Prime Minister Justin Trudeau and his officials never conducted checks with Julie Payette’s former employers at the Montreal Science Centre and the Canadian Olympic Committee that might have raised red flags about her behaviour with co-workers and subordinates before her appointment as Governor General, sources tell CBC News.
Multiple sources have told CBC News they were stunned by Trudeau’s decision to appoint Payette in 2017. They have questioned the prime minister’s judgment.

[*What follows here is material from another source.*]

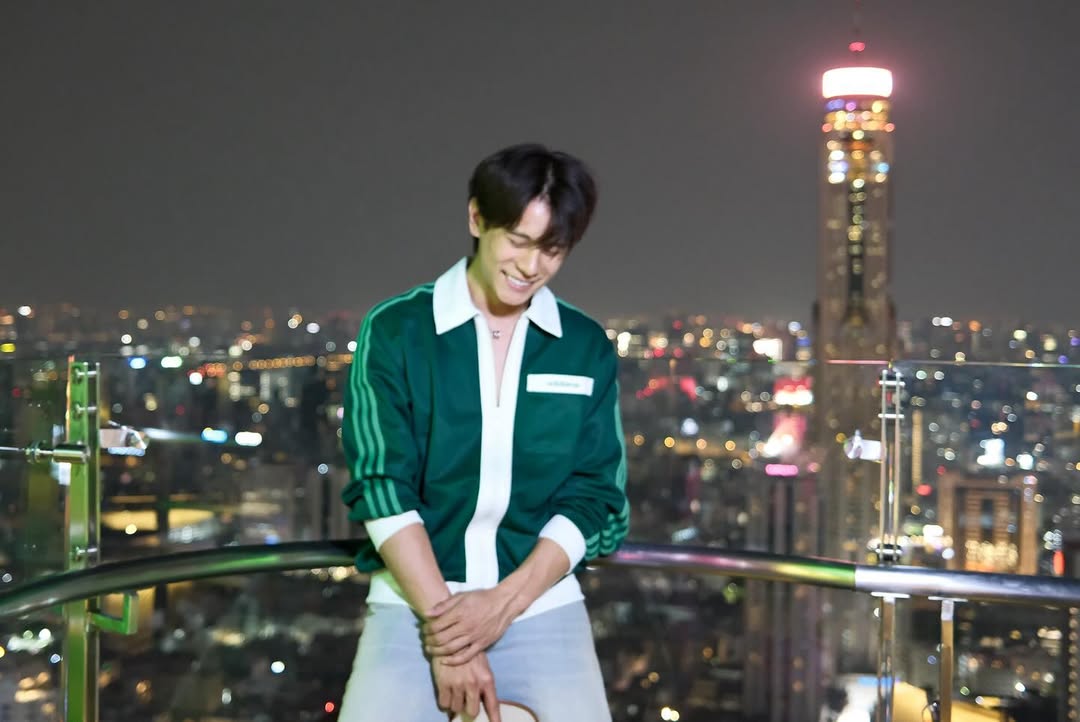 แบงค์ - อาทิตย์ ตั้งวิบูลย์พาณิชย์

“A number of us were blown away when she got appointed,” said a former board member at the Canada Lands Company (CLC), the self-financing Crown corporation that owns and operates the Montreal Science Centre. Payette was vice president of CLC and chief operating officer of the Montreal Science Centre from 2013 to 2016.
“This is a Crown corporation owned by the government,” said the former board member. “You would have thought they’d call to check out her credentials.”

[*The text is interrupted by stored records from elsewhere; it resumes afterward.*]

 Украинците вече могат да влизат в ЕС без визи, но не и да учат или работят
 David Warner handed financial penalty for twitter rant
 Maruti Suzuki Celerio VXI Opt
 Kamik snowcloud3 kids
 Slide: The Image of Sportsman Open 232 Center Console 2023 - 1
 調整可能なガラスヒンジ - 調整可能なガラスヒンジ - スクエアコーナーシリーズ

Payette and her Rideau Hall office are now at the centre of an unprecedented third-party investigation launched by the Privy Council Office. In July, a CBC News report quoted a dozen confidential public servants and former employees who claim the Governor General belittled, berated and publicly humiliated Rideau Hall staff.
Payette received severance in 2016: sources
Payette was given severance of roughly $200,000 when she resigned from the Montreal Science Centre in 2016 following complaints about her treatment of employees, say multiple sources. In 2017, Payette left the Canadian Olympic Committee after two internal investigations into her treatment of staff including verbal harassment, sources said.
CBC News spoke to 15 confidential sources who worked with Payette, including current and former employees and board members at the Canadian Olympic Committee, the Montreal Science Centre, the Canada Lands Company and the Canadian Space Agency. They spoke on the condition they not be named because they were not authorized to speak publicly, could lose their jobs, still work in the industry or, in some cases, continue to interact with Rideau Hall.